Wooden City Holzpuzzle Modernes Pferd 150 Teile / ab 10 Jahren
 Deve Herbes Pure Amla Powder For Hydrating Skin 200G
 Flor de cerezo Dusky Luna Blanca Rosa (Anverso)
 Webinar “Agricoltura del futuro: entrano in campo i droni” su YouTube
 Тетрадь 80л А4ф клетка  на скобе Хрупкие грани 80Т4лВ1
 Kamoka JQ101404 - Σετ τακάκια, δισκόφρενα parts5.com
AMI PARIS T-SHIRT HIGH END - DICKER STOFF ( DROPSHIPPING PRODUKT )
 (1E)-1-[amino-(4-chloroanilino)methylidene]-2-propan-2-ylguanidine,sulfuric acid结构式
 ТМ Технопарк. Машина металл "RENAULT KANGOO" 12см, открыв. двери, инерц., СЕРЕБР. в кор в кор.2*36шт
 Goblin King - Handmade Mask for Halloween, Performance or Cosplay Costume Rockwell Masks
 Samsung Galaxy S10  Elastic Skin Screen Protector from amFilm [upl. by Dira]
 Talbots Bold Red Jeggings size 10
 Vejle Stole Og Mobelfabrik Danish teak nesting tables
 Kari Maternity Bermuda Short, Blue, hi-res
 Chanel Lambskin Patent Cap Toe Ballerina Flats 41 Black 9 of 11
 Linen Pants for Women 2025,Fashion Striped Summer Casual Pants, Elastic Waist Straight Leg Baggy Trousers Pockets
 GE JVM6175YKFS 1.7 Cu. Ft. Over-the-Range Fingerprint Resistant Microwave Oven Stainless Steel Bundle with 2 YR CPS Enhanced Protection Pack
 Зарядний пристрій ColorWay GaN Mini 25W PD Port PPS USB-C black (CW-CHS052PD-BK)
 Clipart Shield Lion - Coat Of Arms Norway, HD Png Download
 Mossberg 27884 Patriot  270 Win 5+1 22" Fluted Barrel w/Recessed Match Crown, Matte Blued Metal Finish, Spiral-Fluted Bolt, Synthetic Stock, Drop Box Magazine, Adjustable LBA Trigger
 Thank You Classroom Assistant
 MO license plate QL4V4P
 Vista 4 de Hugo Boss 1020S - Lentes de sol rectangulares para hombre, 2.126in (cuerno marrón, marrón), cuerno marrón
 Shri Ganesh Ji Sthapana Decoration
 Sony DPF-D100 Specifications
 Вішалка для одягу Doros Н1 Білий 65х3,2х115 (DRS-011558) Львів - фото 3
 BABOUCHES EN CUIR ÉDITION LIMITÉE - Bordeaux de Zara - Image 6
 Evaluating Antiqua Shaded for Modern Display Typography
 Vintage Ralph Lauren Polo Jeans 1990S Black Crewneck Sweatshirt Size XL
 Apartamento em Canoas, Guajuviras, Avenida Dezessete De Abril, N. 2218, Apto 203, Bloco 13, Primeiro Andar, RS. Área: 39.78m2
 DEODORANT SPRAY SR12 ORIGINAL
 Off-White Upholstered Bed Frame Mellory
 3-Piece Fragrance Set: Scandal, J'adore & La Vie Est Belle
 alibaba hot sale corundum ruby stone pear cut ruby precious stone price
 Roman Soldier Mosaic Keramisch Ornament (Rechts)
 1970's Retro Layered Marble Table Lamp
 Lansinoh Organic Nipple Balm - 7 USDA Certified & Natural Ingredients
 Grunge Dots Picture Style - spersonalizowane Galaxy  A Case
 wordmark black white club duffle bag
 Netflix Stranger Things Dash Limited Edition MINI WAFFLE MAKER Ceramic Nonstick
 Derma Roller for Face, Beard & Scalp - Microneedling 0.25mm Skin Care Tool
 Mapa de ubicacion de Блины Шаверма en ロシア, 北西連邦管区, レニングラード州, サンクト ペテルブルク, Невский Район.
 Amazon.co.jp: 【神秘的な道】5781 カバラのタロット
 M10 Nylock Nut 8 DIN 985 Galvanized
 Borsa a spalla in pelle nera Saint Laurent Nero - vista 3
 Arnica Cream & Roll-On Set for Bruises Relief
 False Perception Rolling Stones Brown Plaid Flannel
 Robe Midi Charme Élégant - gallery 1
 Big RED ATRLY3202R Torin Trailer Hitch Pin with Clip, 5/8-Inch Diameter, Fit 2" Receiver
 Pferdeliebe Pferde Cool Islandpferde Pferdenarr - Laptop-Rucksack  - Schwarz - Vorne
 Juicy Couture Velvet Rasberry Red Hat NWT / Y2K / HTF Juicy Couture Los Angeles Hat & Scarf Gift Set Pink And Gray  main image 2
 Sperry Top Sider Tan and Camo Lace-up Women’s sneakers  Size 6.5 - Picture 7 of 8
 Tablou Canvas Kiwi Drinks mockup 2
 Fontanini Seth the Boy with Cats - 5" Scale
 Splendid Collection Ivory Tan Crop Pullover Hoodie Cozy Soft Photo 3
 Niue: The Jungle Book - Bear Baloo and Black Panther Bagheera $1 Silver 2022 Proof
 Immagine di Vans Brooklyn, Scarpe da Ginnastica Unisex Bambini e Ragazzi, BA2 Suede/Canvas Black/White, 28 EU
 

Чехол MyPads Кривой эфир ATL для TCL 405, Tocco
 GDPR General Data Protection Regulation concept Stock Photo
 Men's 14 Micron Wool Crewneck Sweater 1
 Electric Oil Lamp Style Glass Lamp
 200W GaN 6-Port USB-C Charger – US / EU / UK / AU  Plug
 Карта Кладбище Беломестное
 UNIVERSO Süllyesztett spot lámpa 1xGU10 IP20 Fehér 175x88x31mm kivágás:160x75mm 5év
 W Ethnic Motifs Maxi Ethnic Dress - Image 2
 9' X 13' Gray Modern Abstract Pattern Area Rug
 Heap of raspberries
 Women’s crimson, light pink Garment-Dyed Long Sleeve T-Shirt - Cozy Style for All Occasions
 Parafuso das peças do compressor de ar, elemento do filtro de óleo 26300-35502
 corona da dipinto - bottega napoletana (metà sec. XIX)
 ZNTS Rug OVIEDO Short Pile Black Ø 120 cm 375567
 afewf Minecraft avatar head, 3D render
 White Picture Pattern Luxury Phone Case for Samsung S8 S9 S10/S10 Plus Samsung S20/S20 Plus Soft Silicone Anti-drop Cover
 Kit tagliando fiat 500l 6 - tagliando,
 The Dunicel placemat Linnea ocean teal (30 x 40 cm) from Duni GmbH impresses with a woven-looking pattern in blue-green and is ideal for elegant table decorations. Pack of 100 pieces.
○ ○ ○ ○ ○
● TASK PROMPT: In the listing, find each line with the string "Soft" and copy it.

● SOLVED EXERCISE:
 Splendid Collection Ivory Tan Crop Pullover Hoodie Cozy Soft Photo 3
 White Picture Pattern Luxury Phone Case for Samsung S8 S9 S10/S10 Plus Samsung S20/S20 Plus Soft Silicone Anti-drop Cover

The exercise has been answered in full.